**Task description**
Exactly the lines from the line containing "originale, Photographie numérique" through the final line of the entries below must be returned, and only those, without pictures.

(Beginning of Material for this task)

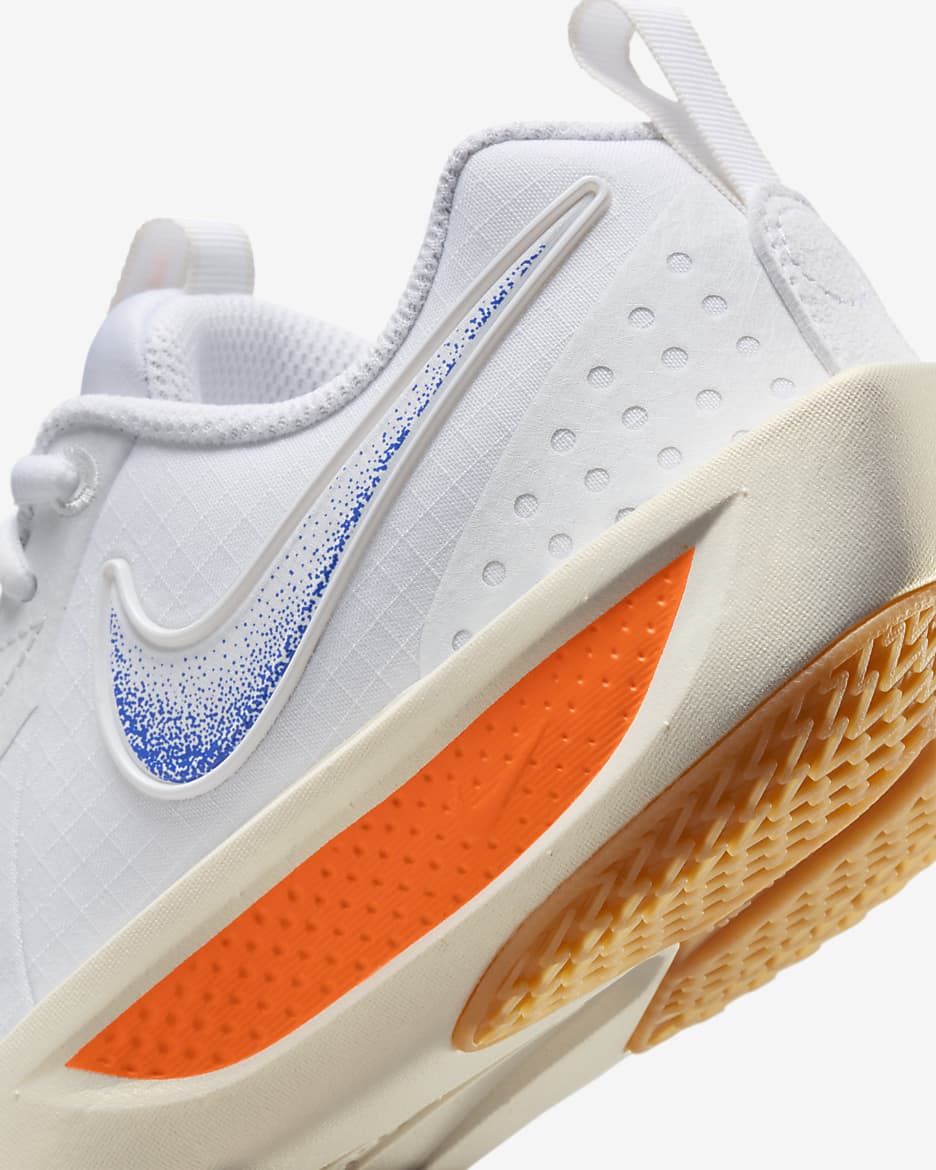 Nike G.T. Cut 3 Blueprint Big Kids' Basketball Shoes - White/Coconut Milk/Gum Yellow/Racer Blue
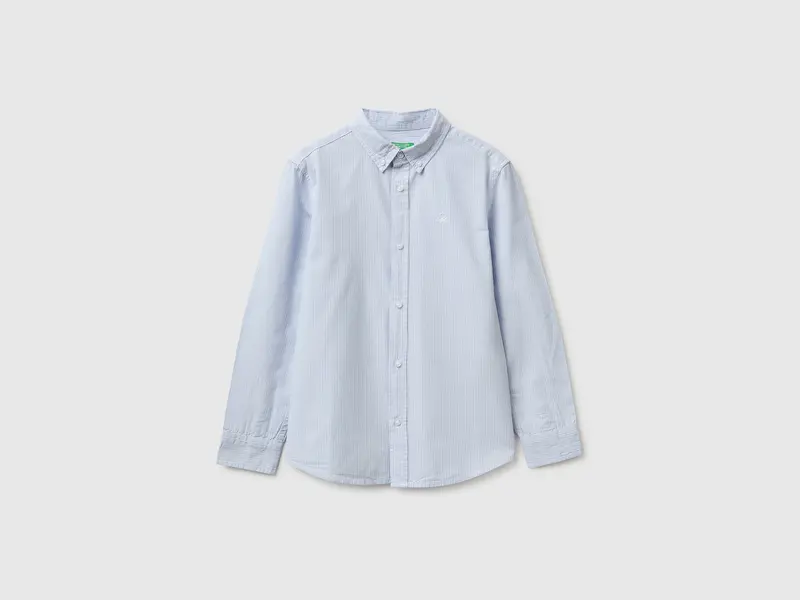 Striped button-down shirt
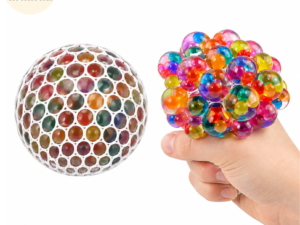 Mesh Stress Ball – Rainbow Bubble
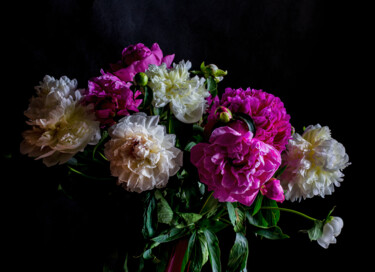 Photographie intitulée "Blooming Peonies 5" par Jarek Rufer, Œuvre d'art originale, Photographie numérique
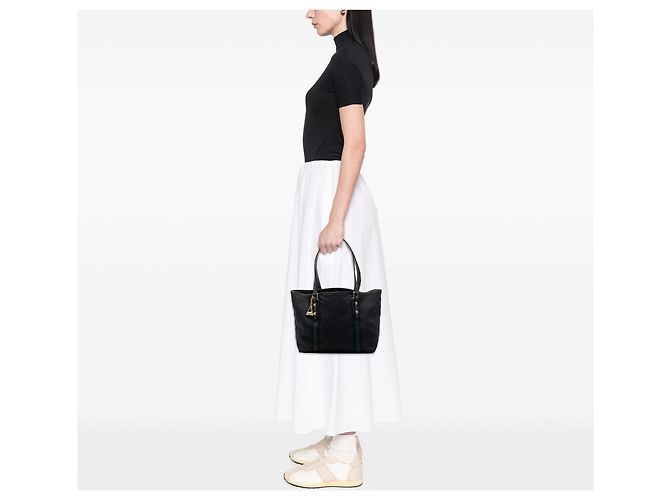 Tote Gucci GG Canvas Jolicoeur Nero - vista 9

(End of Material for this task)

**Answer to the problem**
 Photographie intitulée "Blooming Peonies 5" par Jarek Rufer, Œuvre d'art originale, Photographie numérique
 Tote Gucci GG Canvas Jolicoeur Nero - vista 9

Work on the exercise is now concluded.